**WHAT IS BEING ASKED:** Write out only the lines from the line that holds "Beautiful rhodesian ridgeback" to the end of the listing below, inclusive, with the pictures omitted.
-- Opening Marker --
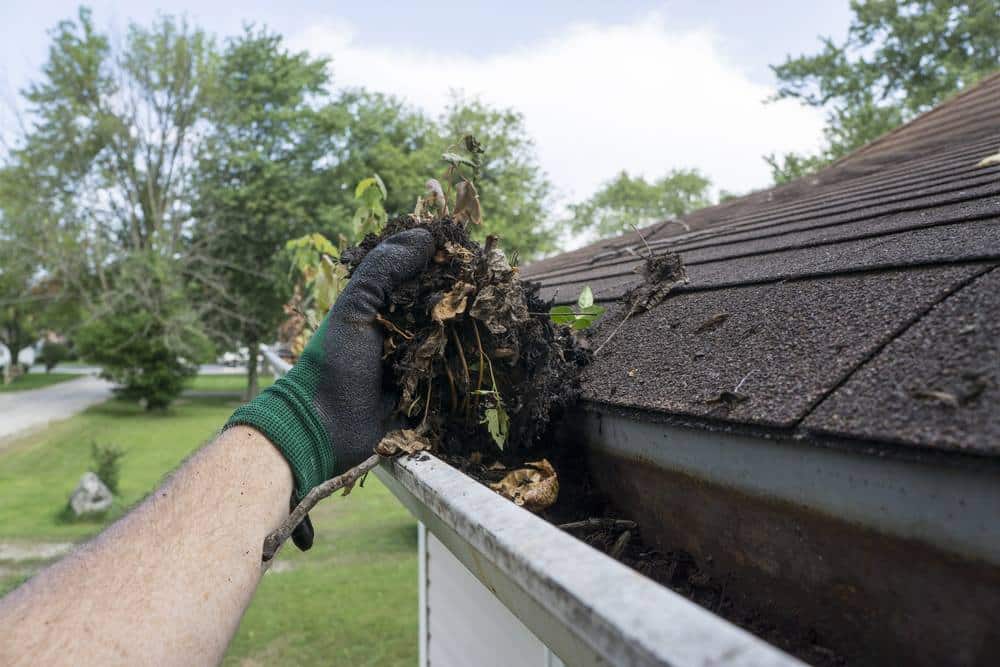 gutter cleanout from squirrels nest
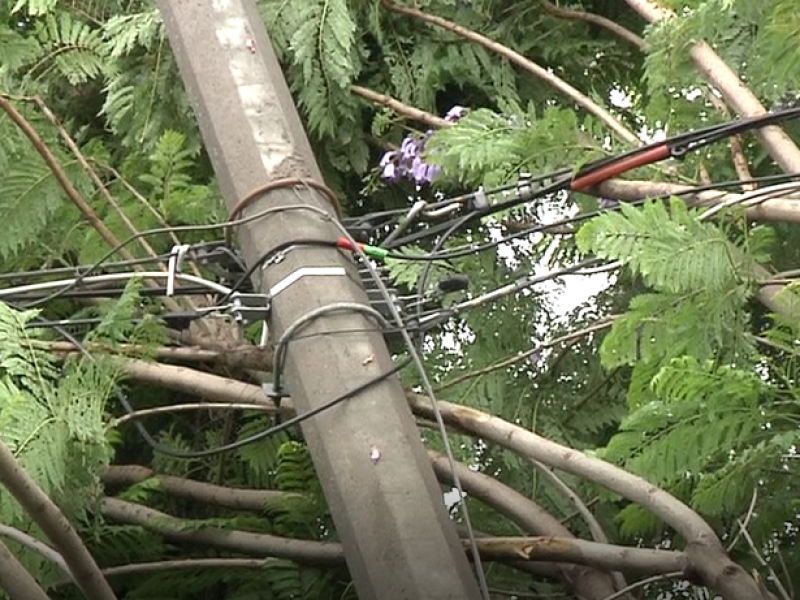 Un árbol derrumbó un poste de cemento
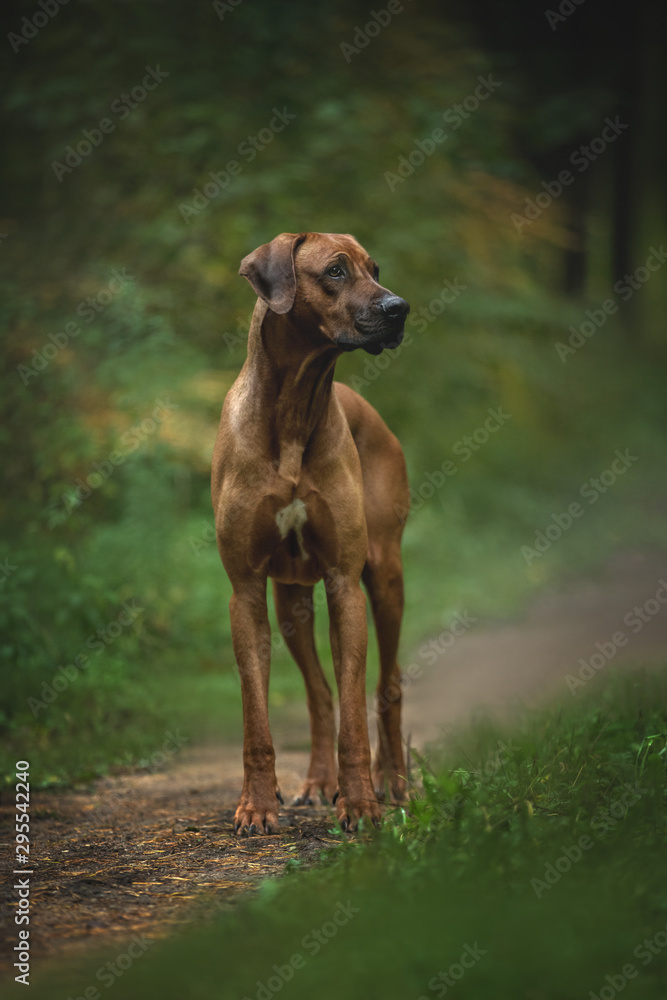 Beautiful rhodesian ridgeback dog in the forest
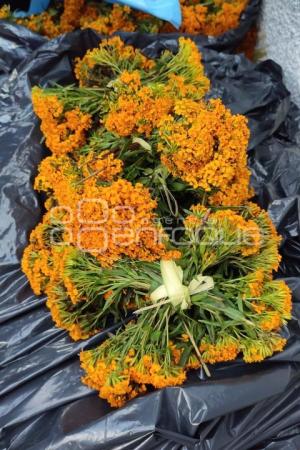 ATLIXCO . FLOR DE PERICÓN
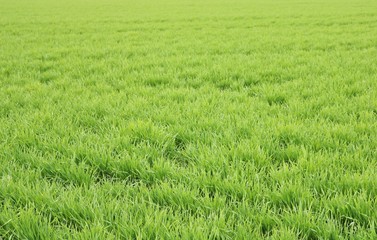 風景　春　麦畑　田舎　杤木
-- Closing Marker --
**OUTPUT:**
 Beautiful rhodesian ridgeback dog in the forest
 ATLIXCO . FLOR DE PERICÓN
 風景　春　麦畑　田舎　杤木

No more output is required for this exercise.